Gereja Santo Yusup Jember dibangun dengan arsitektur mirip gereja-gereja di Eropa.
Sayangnya selama masa pendudukan Jepang, bangunan gereja sempat mengalami kerusakan parah karena digunakan sebagai markas perang tentara Jepang.
Pada masa pendudukan Jepang, Gereja Santo Yusup Jember mengalami masa kelam. Banyak dokumen-dokumen penting hilang, bahkan pastor-pastor ditangkap.
Setelah Indonesia merdeka, gereja ini mengalami pemulihan dan terus berkembang, baik dari segi bangunan maupun aktivitas keagamaannya.
Gereja Santo Yusup dibangun dengan gaya arsitektur Gotik, lengkap dengan menara lonceng dan jendela kaca berwarna.
Bangunan ini menggunakan tembok batu bata merah ekspos dan atap sirap, menciptakan suasana yang mengingatkan pada gereja-gereja di Eropa.
Di area gereja, terdapat patung-patung dua Yesus Kristus yang terletak di sisi bangunan, menambah nilai artistik dan historisnya.
Gereja ini beberapa kali direnovasi.

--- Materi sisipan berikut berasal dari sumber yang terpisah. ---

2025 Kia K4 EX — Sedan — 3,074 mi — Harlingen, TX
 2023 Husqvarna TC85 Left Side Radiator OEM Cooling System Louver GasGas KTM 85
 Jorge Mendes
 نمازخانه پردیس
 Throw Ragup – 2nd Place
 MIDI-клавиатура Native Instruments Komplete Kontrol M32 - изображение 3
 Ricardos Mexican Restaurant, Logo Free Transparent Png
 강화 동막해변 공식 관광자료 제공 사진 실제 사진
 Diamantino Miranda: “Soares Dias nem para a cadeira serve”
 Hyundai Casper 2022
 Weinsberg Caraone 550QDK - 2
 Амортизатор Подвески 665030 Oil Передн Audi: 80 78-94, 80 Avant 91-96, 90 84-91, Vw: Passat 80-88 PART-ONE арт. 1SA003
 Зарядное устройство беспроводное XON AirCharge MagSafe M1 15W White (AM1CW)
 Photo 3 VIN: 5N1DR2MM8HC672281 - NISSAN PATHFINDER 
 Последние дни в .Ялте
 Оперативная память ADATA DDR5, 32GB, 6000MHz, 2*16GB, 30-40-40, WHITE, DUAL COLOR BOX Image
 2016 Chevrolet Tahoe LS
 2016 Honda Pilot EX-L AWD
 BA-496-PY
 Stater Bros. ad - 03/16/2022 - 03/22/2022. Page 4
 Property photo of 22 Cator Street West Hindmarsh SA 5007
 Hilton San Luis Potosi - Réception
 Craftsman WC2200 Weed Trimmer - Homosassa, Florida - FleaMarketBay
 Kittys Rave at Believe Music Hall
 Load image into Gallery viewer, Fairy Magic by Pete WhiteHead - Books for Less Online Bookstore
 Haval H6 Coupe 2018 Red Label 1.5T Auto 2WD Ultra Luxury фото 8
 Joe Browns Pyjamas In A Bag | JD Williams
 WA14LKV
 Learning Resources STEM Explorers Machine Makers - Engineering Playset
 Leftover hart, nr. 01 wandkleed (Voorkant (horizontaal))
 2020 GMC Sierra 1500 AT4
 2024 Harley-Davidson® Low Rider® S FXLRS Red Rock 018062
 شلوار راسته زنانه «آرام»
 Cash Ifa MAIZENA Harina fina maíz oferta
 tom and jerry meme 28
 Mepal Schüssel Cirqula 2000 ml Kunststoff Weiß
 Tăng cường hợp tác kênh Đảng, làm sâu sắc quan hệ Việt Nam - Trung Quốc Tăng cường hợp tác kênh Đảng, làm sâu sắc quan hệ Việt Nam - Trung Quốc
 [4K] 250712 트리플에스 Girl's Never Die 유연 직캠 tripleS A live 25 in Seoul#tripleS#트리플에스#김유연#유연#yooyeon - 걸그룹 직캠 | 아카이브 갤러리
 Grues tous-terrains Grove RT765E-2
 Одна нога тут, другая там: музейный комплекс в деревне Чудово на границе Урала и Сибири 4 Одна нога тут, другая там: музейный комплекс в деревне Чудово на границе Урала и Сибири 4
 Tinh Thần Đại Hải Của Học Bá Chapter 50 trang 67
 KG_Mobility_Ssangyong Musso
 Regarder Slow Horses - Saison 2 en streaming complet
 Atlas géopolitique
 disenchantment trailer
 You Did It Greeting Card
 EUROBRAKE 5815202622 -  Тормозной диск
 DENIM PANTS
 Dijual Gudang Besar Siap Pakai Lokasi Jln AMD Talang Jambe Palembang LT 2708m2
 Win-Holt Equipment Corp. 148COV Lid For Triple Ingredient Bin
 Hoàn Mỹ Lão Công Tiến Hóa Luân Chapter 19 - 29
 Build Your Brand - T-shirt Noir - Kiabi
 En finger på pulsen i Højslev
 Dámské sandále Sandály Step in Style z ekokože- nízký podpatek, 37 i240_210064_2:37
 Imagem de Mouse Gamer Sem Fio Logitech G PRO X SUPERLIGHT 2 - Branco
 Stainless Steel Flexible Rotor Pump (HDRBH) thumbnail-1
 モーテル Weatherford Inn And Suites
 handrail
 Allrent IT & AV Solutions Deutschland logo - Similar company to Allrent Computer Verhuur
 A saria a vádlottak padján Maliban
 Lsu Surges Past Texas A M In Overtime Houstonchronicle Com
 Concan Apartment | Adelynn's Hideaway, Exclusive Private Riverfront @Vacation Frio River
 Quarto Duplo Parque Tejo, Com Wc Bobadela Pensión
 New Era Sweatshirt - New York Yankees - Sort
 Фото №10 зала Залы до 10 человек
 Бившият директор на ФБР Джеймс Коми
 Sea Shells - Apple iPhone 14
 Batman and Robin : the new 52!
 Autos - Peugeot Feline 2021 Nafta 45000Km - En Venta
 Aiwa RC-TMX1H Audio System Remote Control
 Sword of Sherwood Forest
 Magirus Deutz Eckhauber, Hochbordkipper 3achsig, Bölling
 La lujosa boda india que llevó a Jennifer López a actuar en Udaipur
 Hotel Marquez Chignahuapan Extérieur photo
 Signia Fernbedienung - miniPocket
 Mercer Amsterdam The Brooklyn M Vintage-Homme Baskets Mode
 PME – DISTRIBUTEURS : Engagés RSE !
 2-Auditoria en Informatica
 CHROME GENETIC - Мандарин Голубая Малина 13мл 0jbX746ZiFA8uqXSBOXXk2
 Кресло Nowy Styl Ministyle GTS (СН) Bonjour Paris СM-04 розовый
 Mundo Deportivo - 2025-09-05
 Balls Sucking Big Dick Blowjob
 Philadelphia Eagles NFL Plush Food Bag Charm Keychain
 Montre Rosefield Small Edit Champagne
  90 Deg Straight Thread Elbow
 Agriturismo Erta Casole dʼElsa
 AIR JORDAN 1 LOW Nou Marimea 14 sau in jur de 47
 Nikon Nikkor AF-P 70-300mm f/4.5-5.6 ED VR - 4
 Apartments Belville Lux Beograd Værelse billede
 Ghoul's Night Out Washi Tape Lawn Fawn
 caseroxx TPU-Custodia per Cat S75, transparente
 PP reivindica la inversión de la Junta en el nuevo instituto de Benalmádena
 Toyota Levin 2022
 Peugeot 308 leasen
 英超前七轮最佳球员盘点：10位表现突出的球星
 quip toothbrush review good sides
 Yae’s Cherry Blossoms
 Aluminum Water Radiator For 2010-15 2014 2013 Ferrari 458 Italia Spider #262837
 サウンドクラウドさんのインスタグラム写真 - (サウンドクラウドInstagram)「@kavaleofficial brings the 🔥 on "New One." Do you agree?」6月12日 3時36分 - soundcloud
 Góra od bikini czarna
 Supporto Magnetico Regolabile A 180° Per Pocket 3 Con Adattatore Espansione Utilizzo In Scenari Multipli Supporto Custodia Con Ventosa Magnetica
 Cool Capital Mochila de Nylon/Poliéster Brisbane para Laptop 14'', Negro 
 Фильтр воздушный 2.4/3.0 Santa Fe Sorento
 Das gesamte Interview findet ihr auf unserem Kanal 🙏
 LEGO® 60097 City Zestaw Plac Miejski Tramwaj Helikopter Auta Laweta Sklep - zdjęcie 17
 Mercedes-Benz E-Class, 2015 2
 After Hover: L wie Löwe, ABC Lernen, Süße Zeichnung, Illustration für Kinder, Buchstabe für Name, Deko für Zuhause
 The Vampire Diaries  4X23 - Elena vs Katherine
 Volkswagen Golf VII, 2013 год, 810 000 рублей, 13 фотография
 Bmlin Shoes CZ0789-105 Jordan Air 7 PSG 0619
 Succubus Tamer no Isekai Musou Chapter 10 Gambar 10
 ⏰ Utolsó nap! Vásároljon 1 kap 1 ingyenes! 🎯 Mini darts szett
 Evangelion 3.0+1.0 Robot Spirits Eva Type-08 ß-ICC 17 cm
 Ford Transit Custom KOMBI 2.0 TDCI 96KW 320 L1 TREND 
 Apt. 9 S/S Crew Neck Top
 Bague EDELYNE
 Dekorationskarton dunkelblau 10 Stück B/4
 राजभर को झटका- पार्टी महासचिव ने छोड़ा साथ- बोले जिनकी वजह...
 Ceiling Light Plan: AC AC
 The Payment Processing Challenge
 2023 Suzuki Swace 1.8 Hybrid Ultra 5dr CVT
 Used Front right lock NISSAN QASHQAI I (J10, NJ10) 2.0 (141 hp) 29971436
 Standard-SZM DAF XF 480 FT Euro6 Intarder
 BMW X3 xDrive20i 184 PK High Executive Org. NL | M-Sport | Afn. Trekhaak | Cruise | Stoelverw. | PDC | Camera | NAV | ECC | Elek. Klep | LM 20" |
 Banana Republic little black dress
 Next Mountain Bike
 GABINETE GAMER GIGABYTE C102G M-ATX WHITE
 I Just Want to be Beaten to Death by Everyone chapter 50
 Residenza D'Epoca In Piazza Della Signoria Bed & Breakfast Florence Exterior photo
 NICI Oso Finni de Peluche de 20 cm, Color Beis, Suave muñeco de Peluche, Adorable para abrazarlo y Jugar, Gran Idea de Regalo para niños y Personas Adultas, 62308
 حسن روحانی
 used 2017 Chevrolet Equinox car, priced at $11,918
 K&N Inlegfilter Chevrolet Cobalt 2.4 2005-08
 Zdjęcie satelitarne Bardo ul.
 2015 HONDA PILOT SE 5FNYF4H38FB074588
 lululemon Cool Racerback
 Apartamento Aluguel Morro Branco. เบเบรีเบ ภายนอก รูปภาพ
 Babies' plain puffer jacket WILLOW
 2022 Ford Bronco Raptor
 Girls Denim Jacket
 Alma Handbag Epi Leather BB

Pada tahun 1974, dilakukan pemugaran serta perluasan gedung gereja karena jumlah umat Katolik di Jember makin bertambah.
Pada tahun 2007 dilakukan renovasi dengan penambahan kanopi pada bagian depan serta penempatan patung Nabi Elijah dan Nabi Elisa di sisi samping pintu masuk Gereja Santo Yusup.
Selain itu, terdapat patung dan lukisan Bunda Maria di samping rempat duduk yang menambah kekhusyukan suasana di dalam gereja.
Salah satu hal yang paling diingat dari Gereja Santo Yusup adalah kepeduliannya pada umat beragama yamg mencerminkan sikap selalu menjunjung tinggi toleransi.